Keen and creative students can both impress and inspire. As well as teaching students new things about the English language and coaching them to become confident using English, part of our job is to help our students learn how to study. Our students come from a variety of backgrounds- some are in public school now, others recently graduated, some are in university, and many graduated from traditional learning a long time ago. Not to mention tht few of them have ever studied or taken notes in English before. So a few bits of advice on note taking can help our students. I don’t claim to be the best note taker, so I let my students inspire each other and share their ideas.
To do this, I use one of my favourite lessons, “Giving Advice“. After teaching the students how to use the lesson language and doing some “textbook” practice, I have them individually make a list of their weakpoints in English, for example grammar, spelling, pronunciation, vocabulary, and so on. Then I set them up to tell each other their weak points and have the other student(s) offer their advice on how to improve in that area. Students takes to this well and usually have many great ideas to share about all aspects of English learning. Often, their advice revolves around the topic of note taking.
Here are some wonderful ideas students have come up with for note taking and studying in general (paraphrased):
*”I like to record the lesson and then I listen to it while relaxing in the evening or while I am studying”
*”I like to record the lesson and then I listen to it afterwards and fill in my notes. This way I can focus more on communicating during the lesson, but I don’t miss any key points because they are recorded for later. I usually takes notes in class in pencil, and fill in later from the recording in pen”
*”I like to take notes using various colours of pens and highlighters, which helps me to organize new vocabulary into nouns, adjectives, verbs, and so on”
*”I always go through my notes between classes and type them up. The next lesson I go early and go over them with the teacher so I can check my mistakes, then I edit them at home. This way it’s really easy to have an organized set of notes”
*”I use several different English learning websites to learn many new things. I am always happy to share these websites with my classmates. Currently 3 of us are all trying the same games on one website. We like trying the games and we email each other with help”
Lots of great ideas that students are eager to share. Their eagerness is what makes this lesson so great- they are keen to share their ideas, and this really gets the tongues wagging. Sharing is a great way to learn, especially such useful ideas as these. Alex Stanciu from SSE Fuse and Al Bartle from SSE Okamoto also have some great tips for students. Click HERE for Alex’s Website Advice and HERE for Al’s advice.
Here are some more great tips for TEACHERS:
*Teach your students how to take abbreviated notes, such as the way you took notes in university. Teach them how to abbreviate common words and then go through their notes later and reqrite everything in full.
*Encourage students to have an area in their notebook for new vocabulary, so that it’s easy to study and remember later on.
*Drawing pictures will help them to remember new vocabulary. Image association is a very useful tool.
*After class, students can go through there notes and group new words into categories.
*A fun exercise is to pick a topic and part of speech and have students brainstorm as much vocabulary as they can about that topic, drawing a word web in their notebook.
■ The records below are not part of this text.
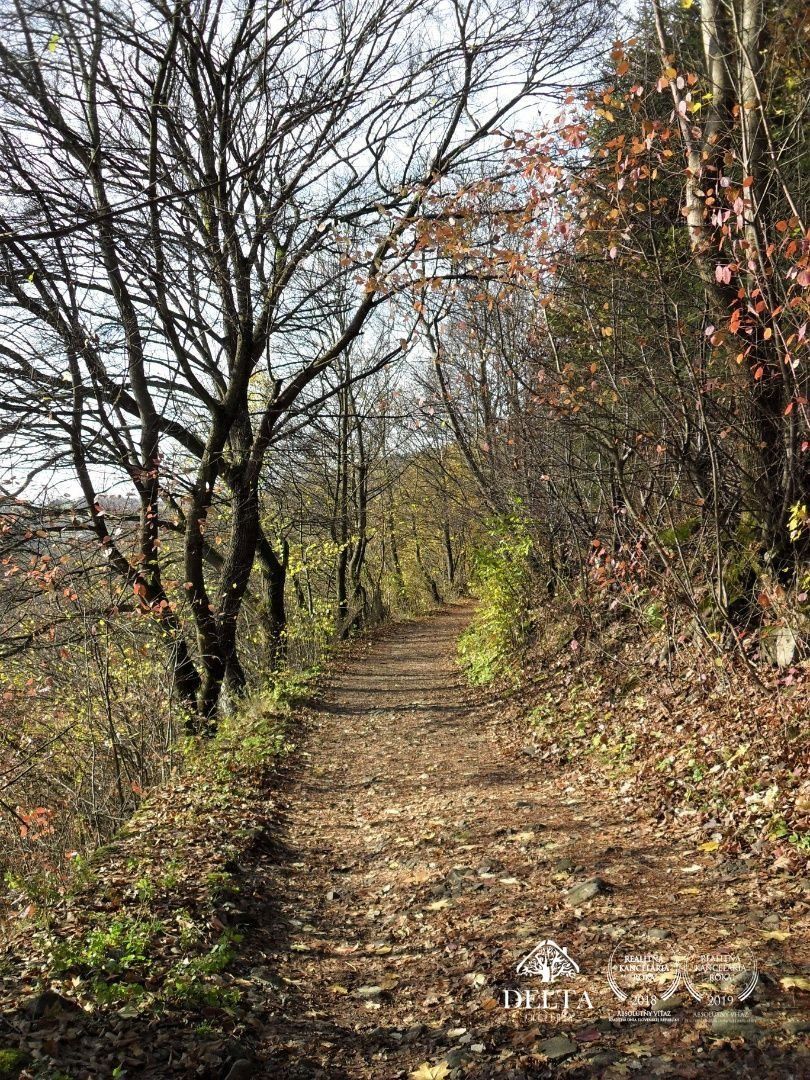 Rodinný dom 5-izb. s pozemkom 970 m2  Kremnica Predaj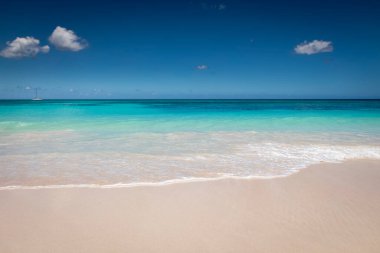 Tropical beach in caribbean sea, idyllic Saona island, Punta Cana, Dominican Republic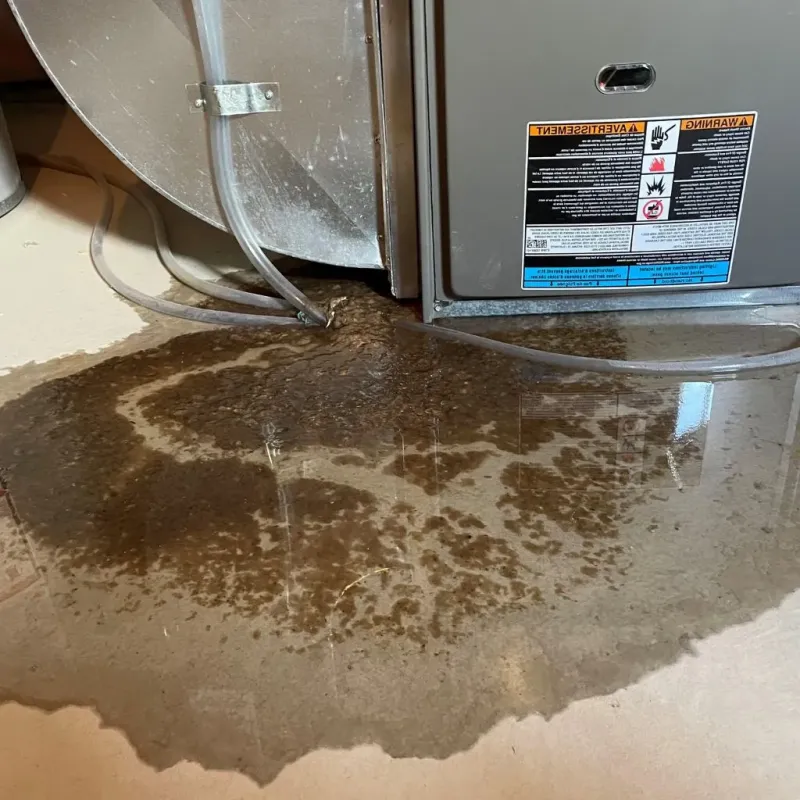 Pipe Burst and Leak Restoration in Hancock, MD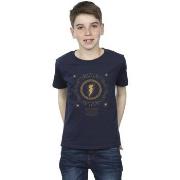 T-shirt enfant Dc Comics Shazam Fury Of The Gods Golden Spiral Chest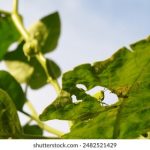 86期六给彩开奖结果最新公布,彩民们速来查看中奖详情 i8tx26ab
And here’s some more great advice for STUDENTS (from students):
*Spend 15 minutes every day doing something English: watch a movie or the news, read a book or an English newspaper, listen to your favourite English CD. Anything to help your brain to think in English. Adrian from SSE Hirakata has some great advice about the effectiveness of TV for learning languages HERE.
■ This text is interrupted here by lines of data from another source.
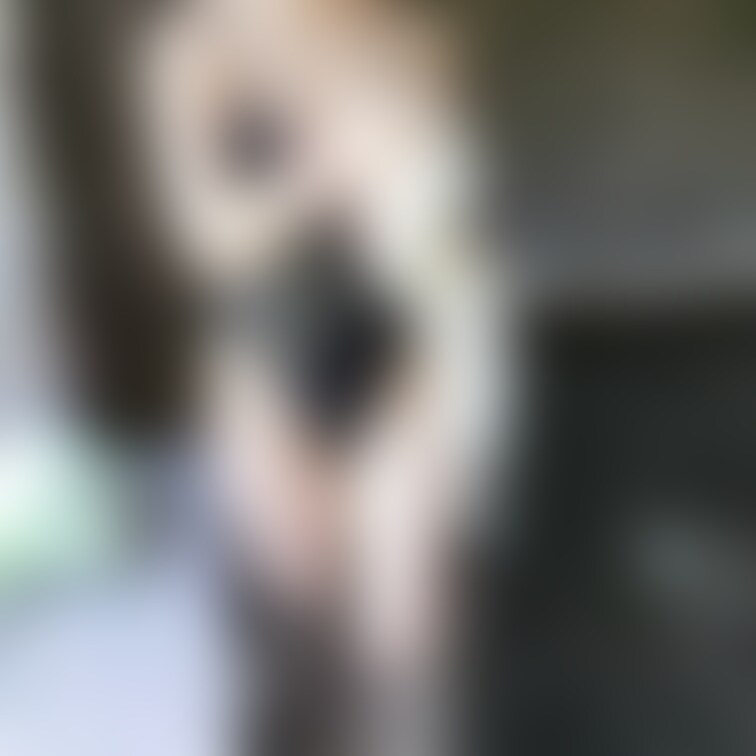 水着着用の混浴温泉に行きました❤男の人にお股のところいっぱい見られました❤恥ずかしかったけどかなり興奮しました❤
こち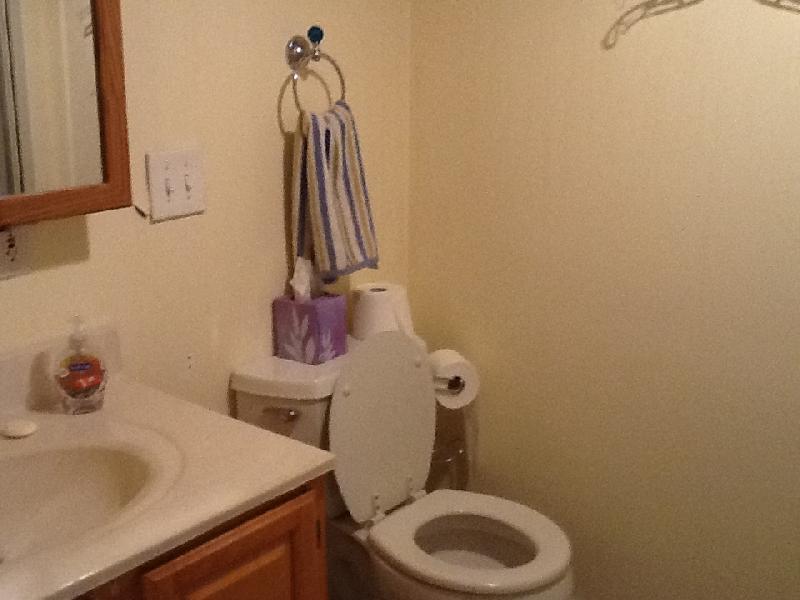 68 Greenough St, West Newton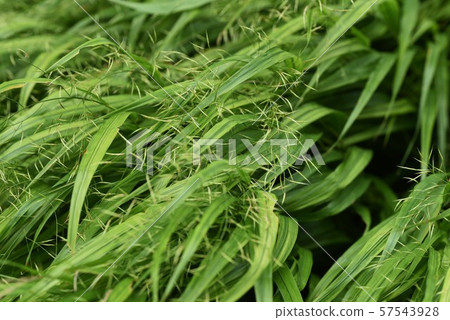 Fuchichi-no-Hana Fuchichi-no-Hana 57543928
*English board games can be a fun way to improve your vocabulary and make you think in English. Some recommended games are: boggle, scrabble, crossword, word search, and jumble. Many of these games are available online, or your teacher may have some at the school.
*Between lessons, copy ALL your notes, either into a different [clean] notebook or onto the computer.
*Writing out your notes on the computer will help you with spelling and major grammar mistakes.
*If you are a slow note taker, try taking a camera to class and take snapshots of the whiteboard throughout the lesson. Read Martin’s post about this method HERE.
So teachers, remember that a small part of your job is helping students learn how to study. Also note that students are keen to share their ideas about how to study, so let them share their ideas. Try using the “Giving Advice” lesson to give them the tools they need to give each other helpful study tips. A few tips from you MAY work, but advice from peers will go a lot farther as it carries empathy and energy.